Let us fit a tree. Fitting a tree gives us the range of value of the variables for which the probability of quitting is high and for which values of the variable low. This is not true for a linear model, which just gives a single linear trend. In addition, the number of variables that we care about (salary, company id, dept, seniority) are few in number, making analyzing the result of a tree easier.

retention$quit <- as.factor(retention$quit)
tree1 <- rpart(quit ~ salary + factor(company_id) + factor(dept) + seniority, data= retention[quit == 1 |  (quit == 0 & join_date < (as.Date("2015-12-13") - 60))])
rpart.plot(tree1, uniform = TRUE, shadow.col="gray")

#text(tree1, use.n = TRUE, all = TRUE, cex = 0.8)

People with salary greater than 246000 are less likely to quit. (which agrees with the linear model)

From the two models above, looks like salary is the most important variable. However,the probability values of quitting or not quitting are close to 0.5. This does not give us enough confidence in the result/ split. Salary is not able to split the data into 0, 1 properly. We’re looking for a almost virgin distribution at the terminal nodes. Therefore lets look at a different model.

We don’t have data on the number of years spent in the current company before the employee quit.

retention$days.before.quit <- with(retention, ifelse(!is.na(quit_date), as.Date(quit_date) - as.Date(join_date), as.Date("2015-12-23") - as.Date(join_date) ))
with(retention[retention$quit == 1], hist(days.before.quit, xlab = "Days before quitting"))

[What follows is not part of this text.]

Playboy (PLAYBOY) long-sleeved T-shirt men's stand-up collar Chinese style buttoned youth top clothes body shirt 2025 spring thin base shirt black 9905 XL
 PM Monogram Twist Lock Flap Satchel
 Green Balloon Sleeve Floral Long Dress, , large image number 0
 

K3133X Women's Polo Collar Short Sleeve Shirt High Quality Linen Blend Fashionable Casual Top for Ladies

Large number people seem to quit after their first year. Increase the number of breaks

with(retention[retention$quit == 1], hist(days.before.quit, breaks = 100 , xlab = "Days before quitting") )

Another smaller peak at year 2. People quit at year anniversaries. Again typical of employee behavior. People stay to get sign-on bonus and stocks.

Let us see what drives people to quit within a year/ 13 months of joining.

retention$early_quit <- with(retention, ifelse( days.before.quit <= 396, 1, 0))

Consider people who join just before the data collection stops, let’s say in June 2015. These guys have a label quit = 0, but may have actually been early quitters. We don’t have enough data on them to label them. So exclude non- quitters who join late. Rather keep early quitters and non quitters who join 13 months before data collection end date (2015-12-13) – early quitters and early joiners.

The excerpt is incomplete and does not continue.